=== Section Start ===
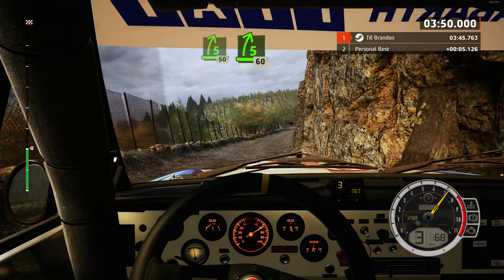40, 4 left, into 3 right, keep in, and slight left, tightens. 60, and 2 right. 50, 3 left.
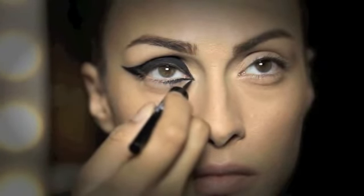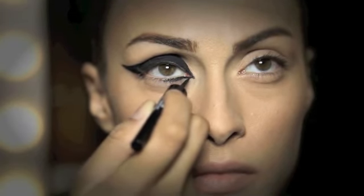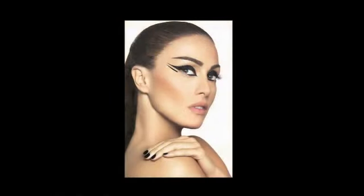Using the tip, draw a sharp corner in the inner corner of the eye. Make sure to stop it at the first quarter of the lower lash line. Draw a parallel line to complete the look.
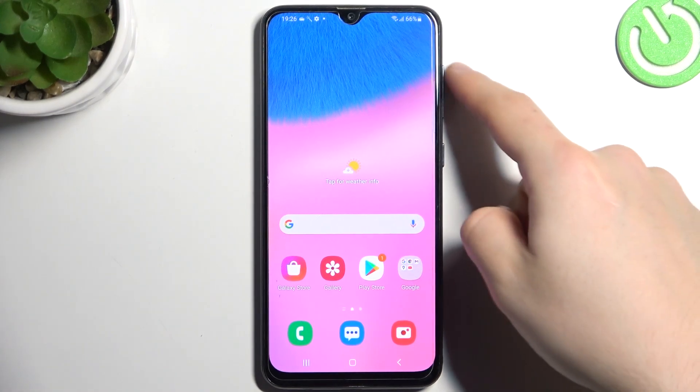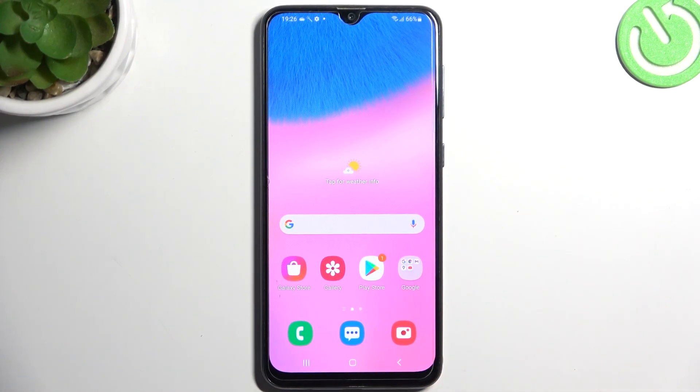Hello guys, today I'm going to show you how you can change the volume button functioning camera in Samsung Galaxy A30s.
=== Section End ===
> Task: Everything in the listing must be restated word for word, except for the pictures.

> Task response:
40, 4 left, into 3 right, keep in, and slight left, tightens. 60, and 2 right. 50, 3 left.
Using the tip, draw a sharp corner in the inner corner of the eye. Make sure to stop it at the first quarter of the lower lash line. Draw a parallel line to complete the look.
Hello guys, today I'm going to show you how you can change the volume button functioning camera in Samsung Galaxy A30s.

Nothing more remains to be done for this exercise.